Sin embargo la, por así llamarla, insurrección electoralista que lanzaron los municipios de Durango, Chihuahua, Coahuila y otros, entre 1982 y 1985, fue una refutación de la tesis de Segovia y nos obligó a pensar el abstencionismo del pasado más como una aceptación pasiva que como repudio al régimen. Así pudo leerse porque cuando los ciudadanos quisieron deshacerse activamente del PRI, fueron a votar, pero esto no pudimos verlo con claridad sino hasta que lo hicieron.

Hoy una corriente de opinión promueve la abstención en las elecciones del próximo 7 de junio, con el argumento de que así entenderán nuestros políticos, ellos tan refractarios a nuestra opinión de su desempeño, que los rechazamos a todos y que si quieren gobernar tienen que cambiar. No creo que esta sea una buena estrategia para lograr ese fin.Los seres humanos tenemos una capacidad casi infinita para el autoengaño. Los políticos todavía más, y los nuestros han llegado a un punto en el que si no les decimos con toda claridad lo que pensamos de ellos, son capaces de interpretar nuestro silencio a su favor. Por eso creo que tenemos que votar, para que no puedan inventarse motivaciones para seguir haciendo lo que hacen.
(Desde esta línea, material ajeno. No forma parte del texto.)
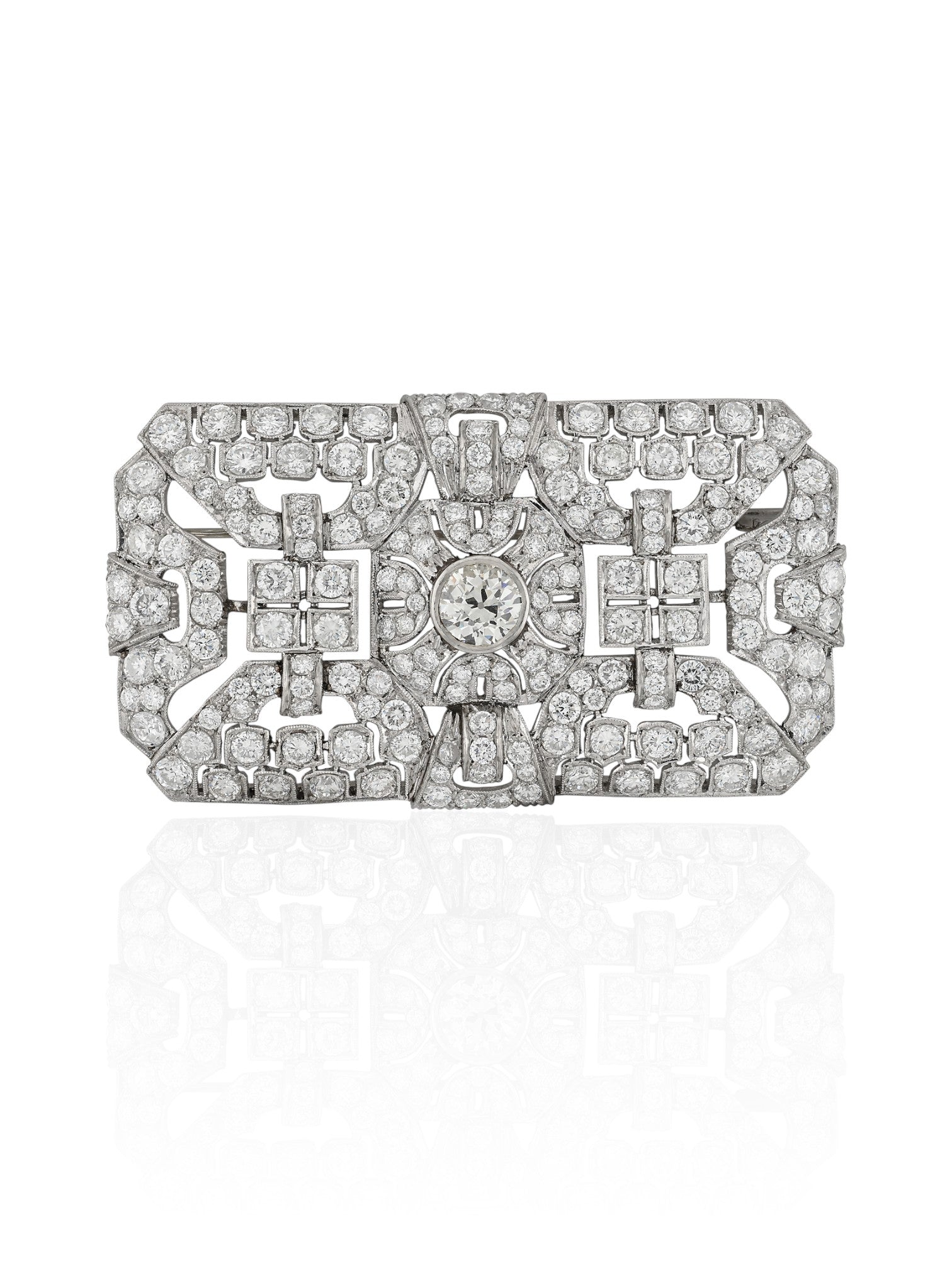 Sophia D Art Deco Platinum Diamond Brooch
Durante la campaña electoral de 1970, uno de los lemas de Luis Echeverría, que nunca creyó en elecciones ni en el reformismo electoral, fue preferimos un voto en contra a una abstención. Este exhorto debe ser interpretado en el contexto de un país todavía adolorido por la tragedia de Tlatelolco, y temeroso de lo que ocurría en su entorno regional, donde los gobiernos civiles eran brutalmente desplazados por militares que impusieron dictaduras bastante más autoritarias y violentas que el régimen mexicano. El voto era visto como una defensa frente a actores más autoritarios.

Dados estos antecedentes creo que hay que votar. La siguiente pregunta es mucho más difícil de responder, porque la primera es casi un enunciado de principio: si queremos democracia hay que votar. Pero si nos ponemos a discutir por quién hay que votar, y ponderamos vicios y virtudes de nuestros partidos y de sus candidatos, es más complicado. El descrédito del personal político en México se ha extendido, al igual que la convicción de que diputados y senadores trabajan sobre todo para ellos mismos, así como la percepción de que todos son iguales, y que es la misma cosa el amarillo que el azul o el rojo. Pero diferenciarlos es un problema. Es tal la complicidad a la que han llegado entre ellos que nos han cerrado opciones y ahora no podemos distinguir la derecha del centro, y la lejana izquierda cada vez más dispersa. Admito que me es más fácil decidir no abstenerme que elegir un representante. Si me pongo a pensar en eso, mejor no votar, pero al día siguiente de la votación seguro me habré arrepentido.